Cependant, le projet de loi est loin d’être aussi convaincant qu’il y paraît. Sa présentation actuelle est bien plus liée au théâtre politique nécessaire à garder en vie l’image «progressiste» en lambeaux du gouvernement libéral favorable à la guerre et à l’austérité qu’à une véritable préoccupation pour les droits des travailleurs.

Marty Warren, directeur national du Syndicat des Métallos pour le Canada, entouré de Bea Bruske, présidente du Congrès du travail du Canada, et de Jagmeet Singh, chef du NPD, lors de la conférence de presse tenue sur la colline parlementaire pour saluer le dépôt du projet de loi C-58 [Photo: USW District 6]

En mars 2022, lorsque le NPD, avec le soutien enthousiaste des syndicats, a conclu un pacte avec les libéraux pour maintenir Trudeau au pouvoir jusqu’en juin 2025, les bureaucrates syndicaux ont salué la promesse des libéraux de présenter une loi anti-briseurs de grève avant la fin de l’année 2023 comme une concession majeure qu’ils avaient arrachée au gouvernement.
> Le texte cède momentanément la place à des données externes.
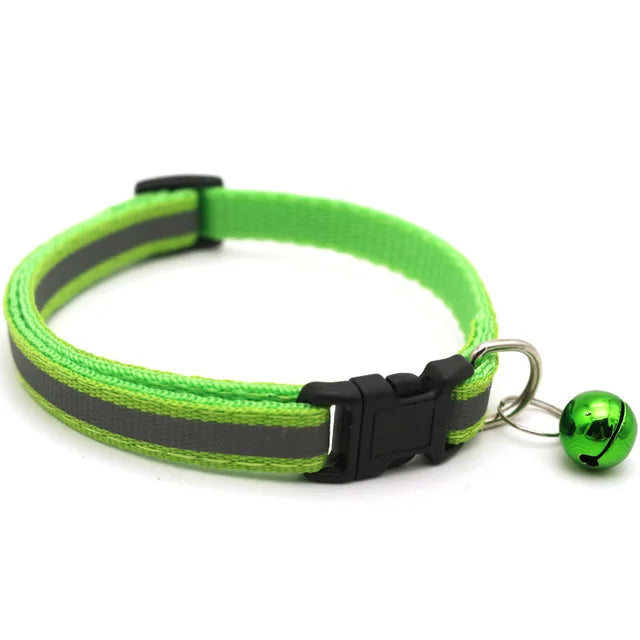 GlowPaw Collars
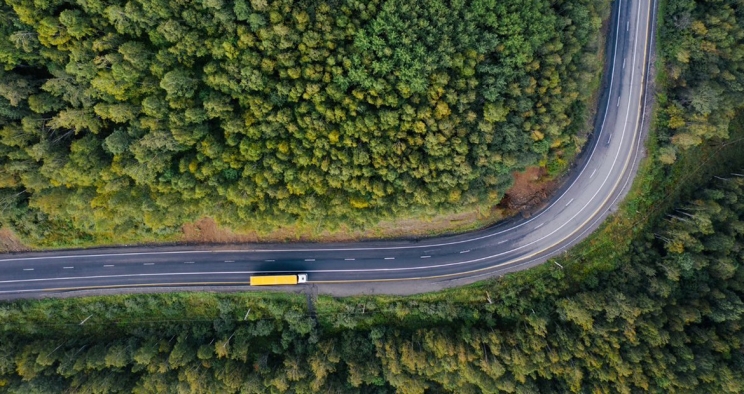 Truck on a road surrounded by trees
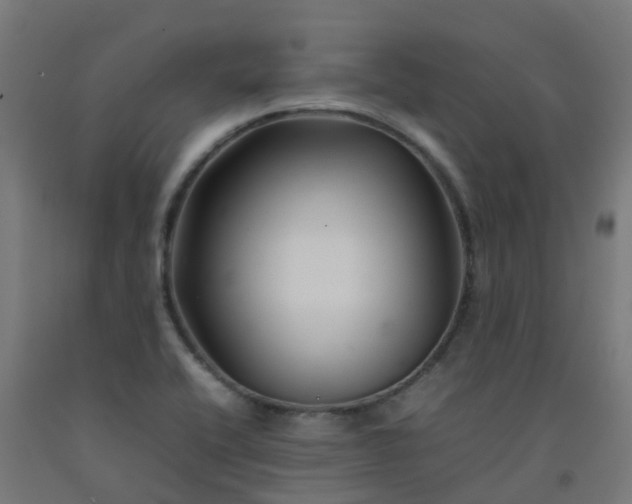 X0000092271416200709281215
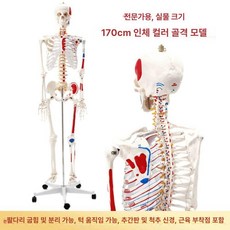실습 뼈 교구 과학실 해부학모형 교육용 근육 인체모형 척추 전신 골격 해골모형, 9. 170cm 컬러 근육 + 인대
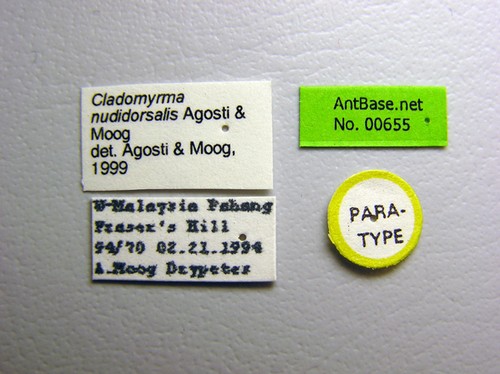Cladomyrma nudidorsalis Agosti, Moog, Maschwitz, 1999 Label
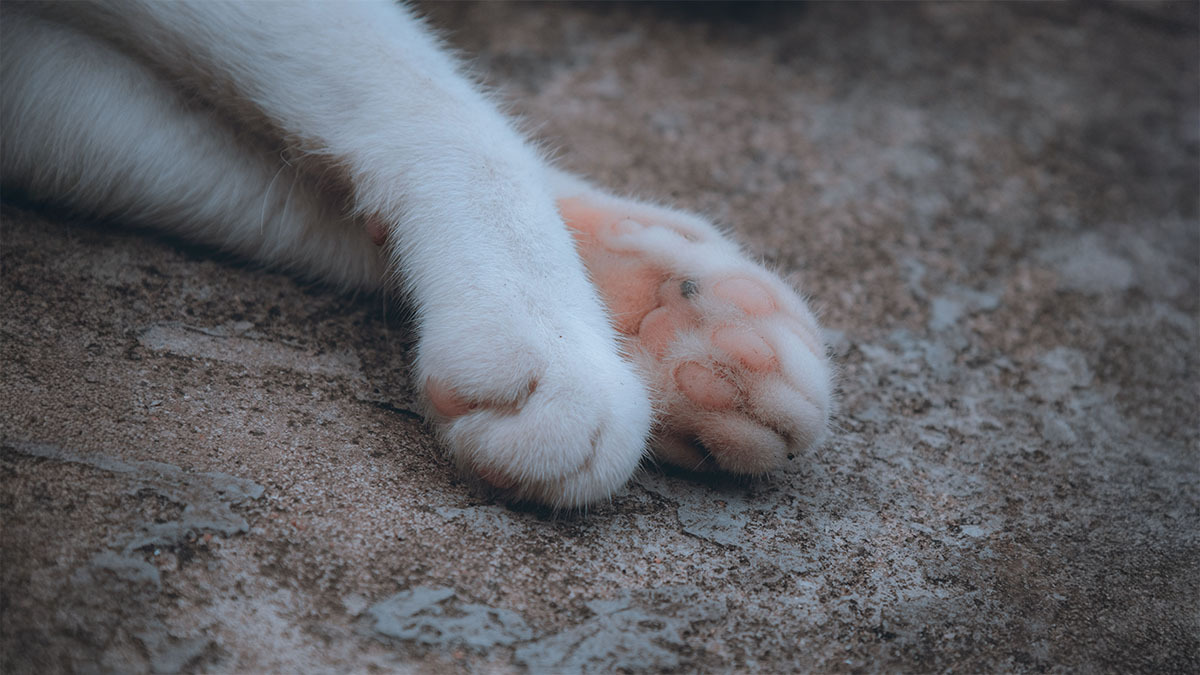 kedi-patisi-mantar-enfeksiyonlari.jpg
En réalité, c’était et c’est toujours de la bouillie pour les chats. La promesse du NPD de fournir au gouvernement libéral minoritaire une «stabilité politique», c’est-à-dire une marge de manœuvre pour poursuivre le programme de la classe dirigeante, est bien plus significative. Cela inclut : le rôle majeur de l’impérialisme canadien dans la guerre des États-Unis et de l’OTAN contre la Russie ; l’augmentation massive des dépenses militaires ; et l’austérité des dépenses publiques pour payer les centaines de milliards en aide accordés aux entreprises canadiennes pendant la pandémie.

Aujourd’hui, alors que les travailleurs du Canada expriment leur colère et leur dégoût face au soutien inconditionnel du gouvernement Trudeau au génocide israélien contre les Palestiniens de Gaza, les syndicats et le NPD font tout pour renforcer leur alliance avec les libéraux, parti du grand patronat.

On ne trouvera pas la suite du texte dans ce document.